中国・習近平主席の、強気な対米発言を読み解く。武力行使も辞さない構え
香港・マカオとの経済一体化に意欲
10月14日には、香港に近い深セン市の経済特区設立40周年を祝う式典に出席し、中国本土と香港・マカオとの経済一体化を今後加速化させる方針を発表。式典には香港の林鄭月娥(キャリー・ラム)行政長官やマカオの賀一誠(ホー・ヤッシン)行政長官らも参加し、広東省と香港・マカオを合わせた経済圏構想「グレーターベイエリア」の建設に強い意欲を示し、香港・マカオの人々に対して中国への祖国心を高めるよう求めた。
国家安全維持法を巡っても米中の間で火花が散ったが、香港の中国化は避けられなくなり、習近平氏による一体化・同化政策もいっそう進んでいる。
習近平氏は、その前日にも広東省東部にある潮州市に駐屯する海軍陸戦隊基地を訪ね、「戦争への備えに全神経を注ぎ、最大の警戒態勢を維持しろ」「軍は党に対して絶対的な忠誠を堅持する必要がある」などと軍を鼓舞する姿勢を示した。さらに、9月3日に開催された第二次世界大戦終結75周年記念式典の席では「中国復興は共産党政権の運営によってのみ実現される」「共産党の方針や趣旨、歴史をゆがめたり中傷したりする勢力や個人を決して容認しない」などとの姿勢を示した。
けん制する姿勢は就任当初からだが…
習近平氏の米国をけん制する姿勢は就任当初から見られるもので、決して新しいものではない。しかし、トランプ政権との溝が深まるなかで、今年に入っての新型コロナウイルスの感染拡大は「米国との対立はもう避けられない」と決心をさせたようにも映る。

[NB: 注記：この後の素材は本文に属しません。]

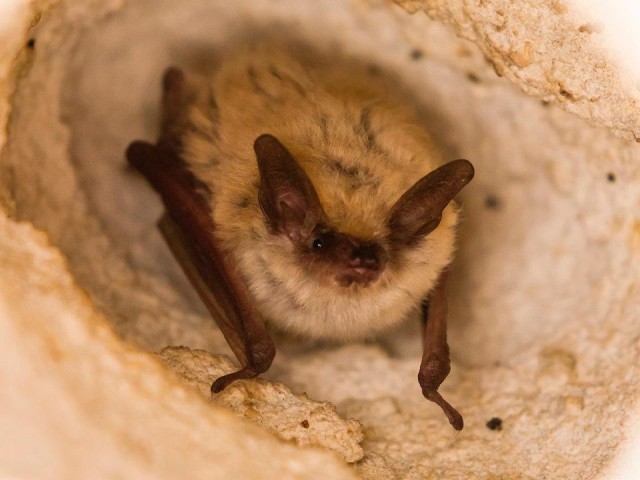 Нежданный гость: летучая мышь поселилась на балконе жилого дома в Котельниках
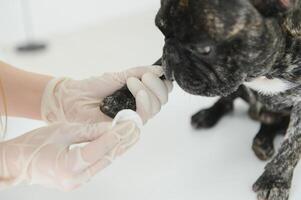 francês buldogue dentro uma veterinário clínica. veterinário remédio conceito. foto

菅義偉首相は10月26日の所信表明演説で、中国に対して「主張すべきことは面と向かって主張する」との姿勢を示したが、習近平氏の最近の発言から鑑みて、「やるべきことはやる」というもう一歩進んだ姿勢が必要だろう。
米大統領選の結果も影響するだろうが、これによって習近平氏の姿勢や発言がトーンダウンするとは考えにくく、日本としても中国に対してもっと厳しく対応する姿勢も必要だろう。